Understanding Wide Residual Networks

Michael Poli
Sep 9, 2018 · 4 min read

Today, as a first post in this series about why ResNets work and how they can be improved, I would like to take a look at a fairly recent paper published in 2016: Wide residual networks ( Sergey Zagoruyko, Nikos Komodakis, 2016)

The idea is very clever but fairly simple to understand. In classic ResNet architectures typically the focus has been in trying to improve the representation capability of the model by increasing the number of layers, thus making the network deeper and thinner. This, in turn, has a problem of “diminishing feature reuse”.

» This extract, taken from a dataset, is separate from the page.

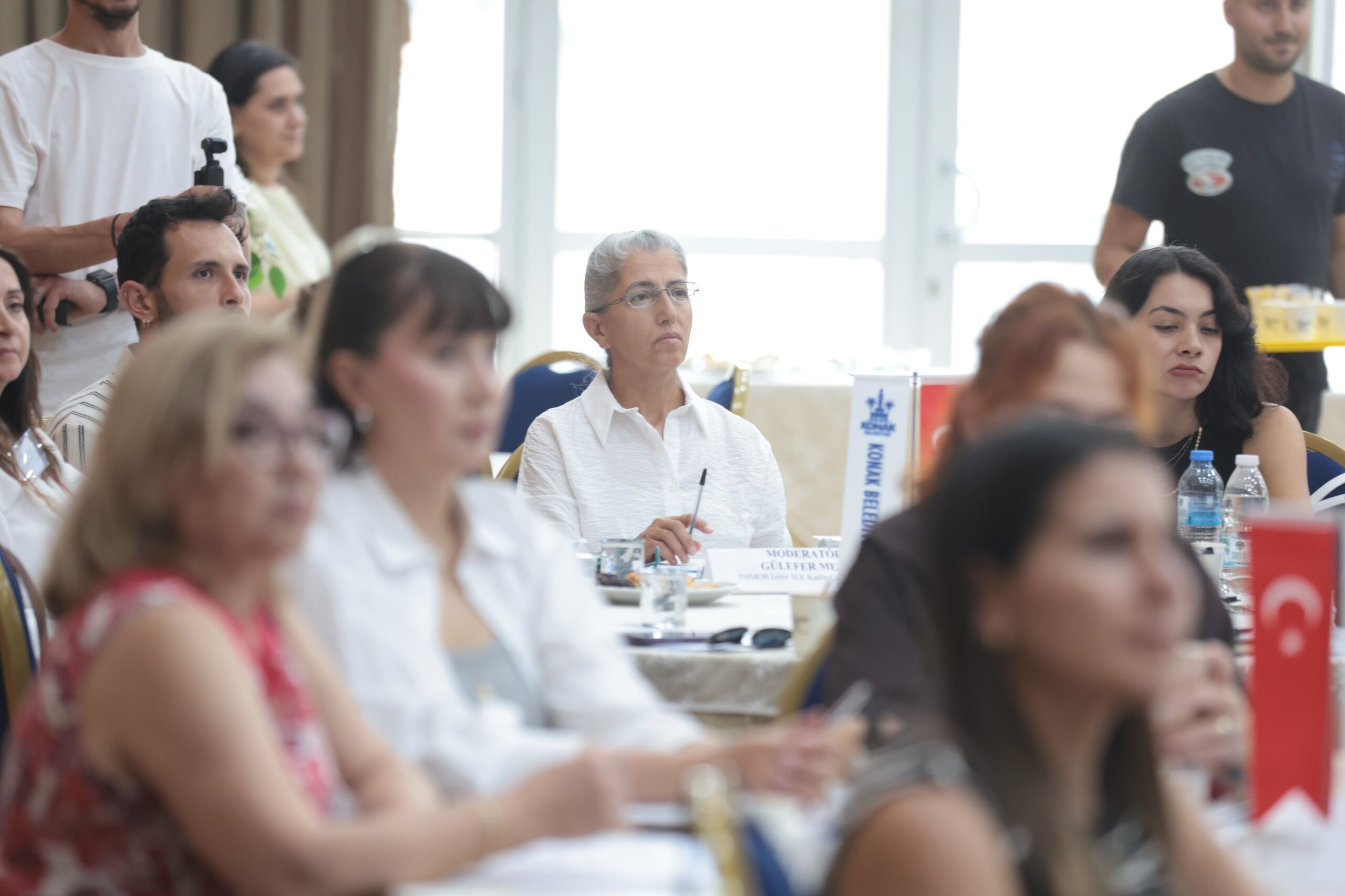 Konak’ın Yerel Eşitlik Eylem Planı Ortak Akılla Şekilleniyor (5)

What does that mean? Recall that in CNN we call feature maps the inputs and kernels or filters the “weight matrices”. By making a network deeper and thinner , we stack more layers of convolutions that have to manipulate different feature maps. If we instead widen the network, we have as a result more weights working on the same set of inputs. But there’s more. The problem of diminishing feature reuse was formulated in another paper: Highway networks, where the authors talk about how during backpropagation in really deep ResNets gradients can sometimes flow through the skip “identity” connections, thus effectively rendering a big portion of the model useless. Perhaps a post for another time.

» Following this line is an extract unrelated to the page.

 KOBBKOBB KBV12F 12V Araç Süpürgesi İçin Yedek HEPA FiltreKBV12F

Skip connection in ResNets

Thin networks have been historically more popular because they tend to be less computationally expensive. Circuit theory is often cited when talking about model complexity, as it has been proven that with more depth circuits require less components overall to express more complicated functions of the input. In other words, more depth can express a richer set of functions of the input.

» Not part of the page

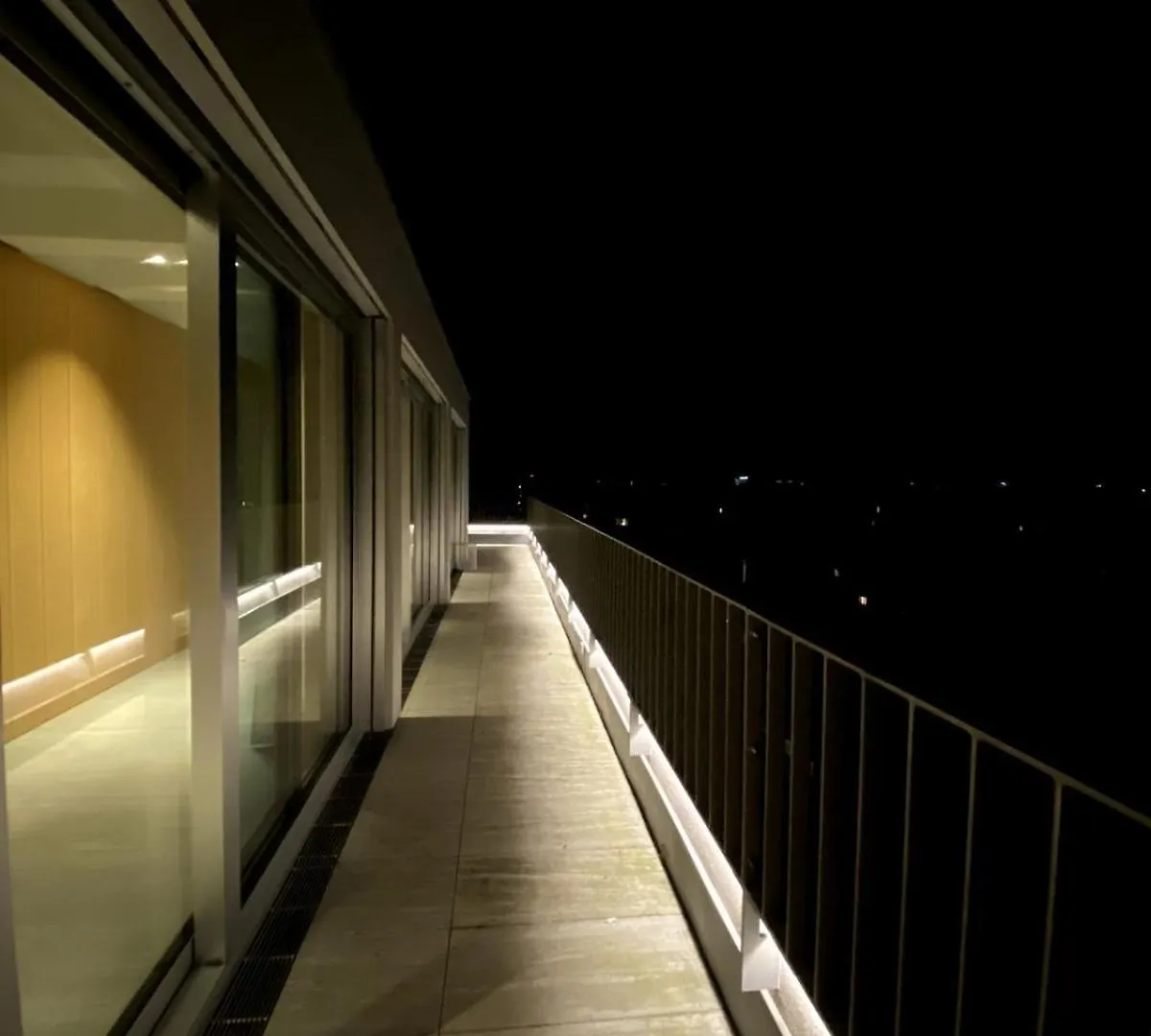 Apartment Highclass Luxury Penthouse Near Kudamm Berlin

Additionally, this paper makes the contribution of reintroducing dropout into ResNets. Widening the networks increases the number of parameters, and with more parameters more regularization is often required to avoid overfitting.


First, a bit of notation. The authors use k to denote the widening factor of a block and l to denote the deepening factor. As such, they call architectures with k = 1 “thin” and ones with k > 1 “wide”. The number of parameters scales linearly with l and is quadratic in k. Why is that?

Assuming we want to keep the channel dimension (so-called width) the same before and after the convolution, adding N layers simply increases the total number of parameters by N*l, where l = (filter size)² * #filters. However, as an example, in the case in which we want to double (k = 2) the width instead of keeping it constant throughout the convolution block (#output channels = #input channels * k) then resulting increase is quadratic: (filter size)² * n_c * 2 as a first step (upsample) and then (filter size)² * 2*n_c * n_c (downsample). That is, if we consider a block type B(3,3) and for the sake of simplicity keep stride = 1 and padding = 0, we obtain a first (wider) output of size:

(input size - filter size + 1, input size - filter size + 1, 2 * input channels)

after the first convolution and then a second and final output of size:

(input size-2 * filter size + 2, input size - 2 * filter size + 1, input channels).

As an additional resource, please refer to this guide on convolution arithmetic: A guide to convolution arithmetic for deep learning (Vincent Dumoulin, Francesco Visin, 2016)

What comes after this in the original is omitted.